(Task details) When you copy the material below, keep every line exact and leave each picture out.

(Provided data)
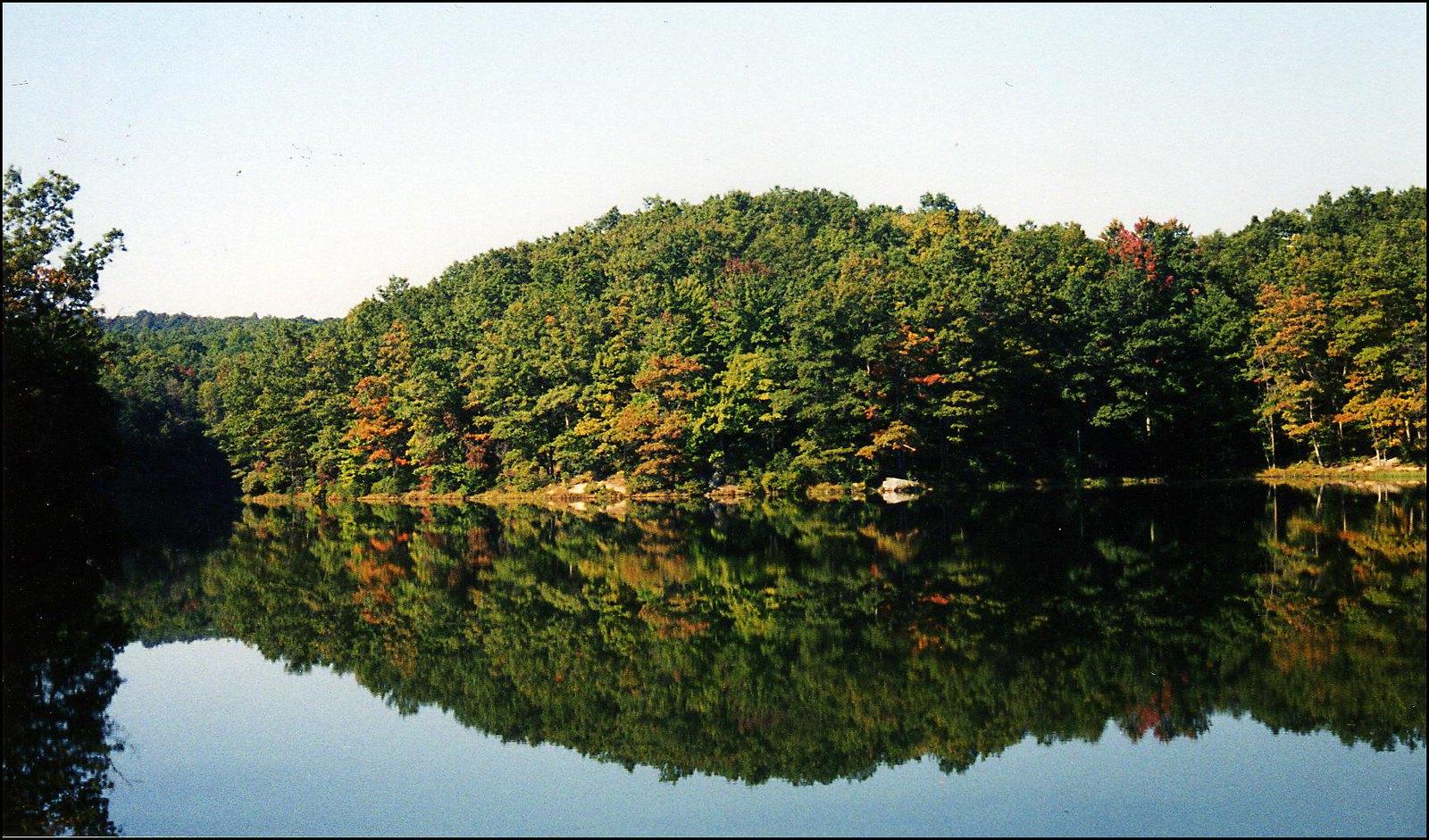 Serene lake reflecting a dense forest with early autumn foliage.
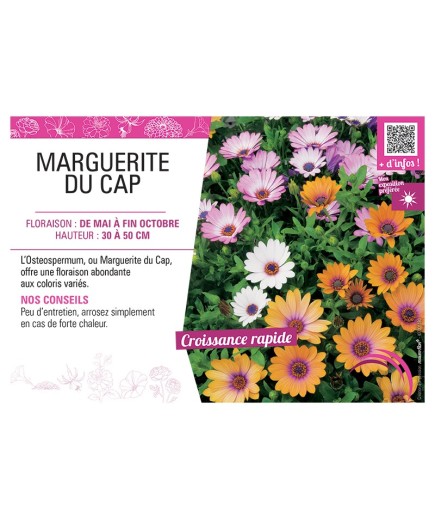 OSTEOSPERMUM voir MARGUERITE DU CAP (varié)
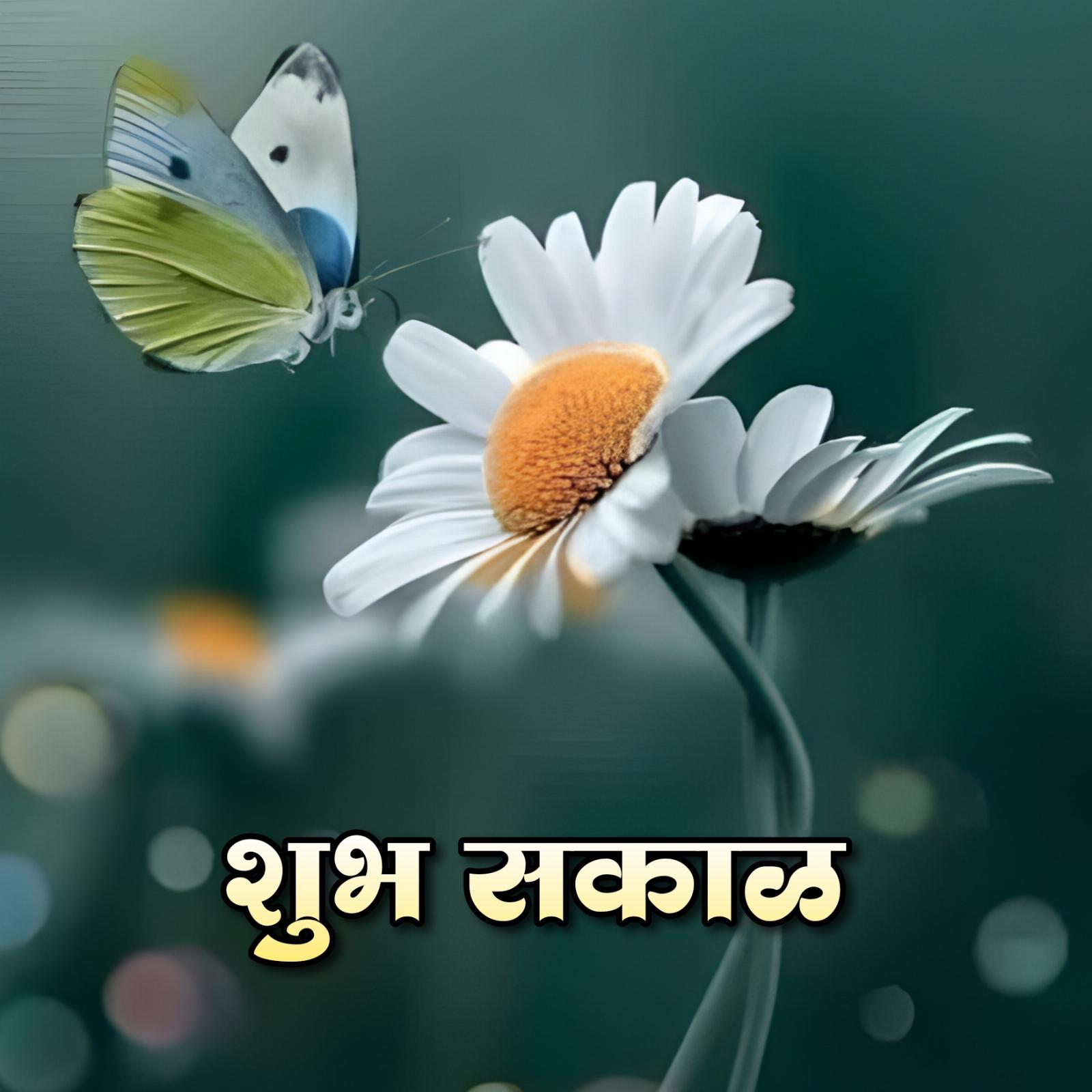 Shubh Sakal Flower Chitra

(Result below)
 Serene lake reflecting a dense forest with early autumn foliage.
 OSTEOSPERMUM voir MARGUERITE DU CAP (varié)
 Shubh Sakal Flower Chitra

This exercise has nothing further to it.